I was barefoot, wearing only a nightgown, and had only my dorm key (actually a fancy electronic fob) and phone with me, but I set off in search of my classmates anyway. I strolled across the green, savoring the feeling of the grass beneath my feet and the view of actual stars overhead. I had one ear tuned to the night's sounds, listening for the raucous laughter that would eventually lead me to my friends. But - for the first time in years - I felt completely safe. Yes, I was tipsy, and yes, it was dark out, and yes, I was alone - but, unlike every time I walk home late at night in New York, I didn't feel the need to be on guard at all. I felt completely and utterly protected.

Protected not just from physical harm, but also from the need to be dressed up, or to present myself with any kind of artifice, or to censor my thoughts or feelings. Because, you see, an institution devoted to women gives you a little taste of what it might be like to actually be on equal footing in the real world. Suddenly, you're the center of attention, and not for the usual, creepy, physical reasons. Yes, you have the freedom to not wear makeup and so on, but you have more than that: an entire institution devoted entirely to you. This, kids, is what it must feel like to be the privileged gender, to be the default. And, let me tell you: it doesn't suck. (Also, they give us lanterns. I know!)

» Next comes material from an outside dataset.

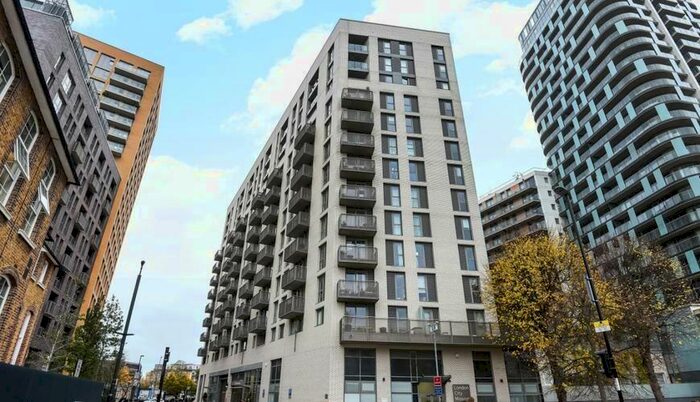 2 Bedroom Flat To Rent In Venice Corte, London, SE13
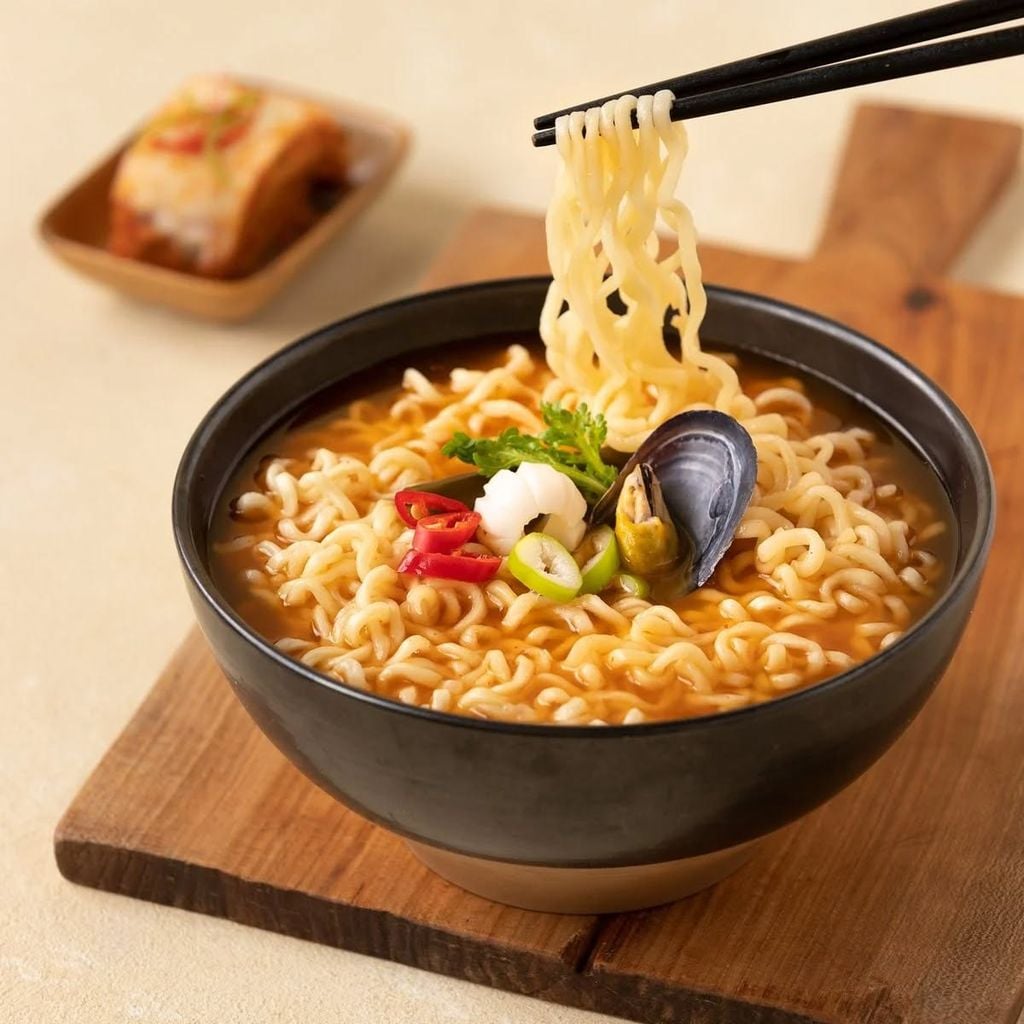 Mì Omachi Hải Sản Chua Cay - Lốc 5 Gói x 80g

It was a feeling I didn't notice until after I left. I know, I know: between this whole "you don't know how good you have it" thing and my wonder at the newfangled keys, you must be thinking, "Curmudgeon!" But I think that's actually part of what makes it so powerful: you can learn to take that feeling for granted. It can be had, and it can become your normal. That's...amazing.

Until I can have that feeling of safety - both physical and intellectual - in the real world, places like Bryn Mawr will not stop being incredibly important. Until I feel in every arena the way I felt at Bryn Mawr, women need the option of that experience. Because now that I've had it, I won't settle until it's universal.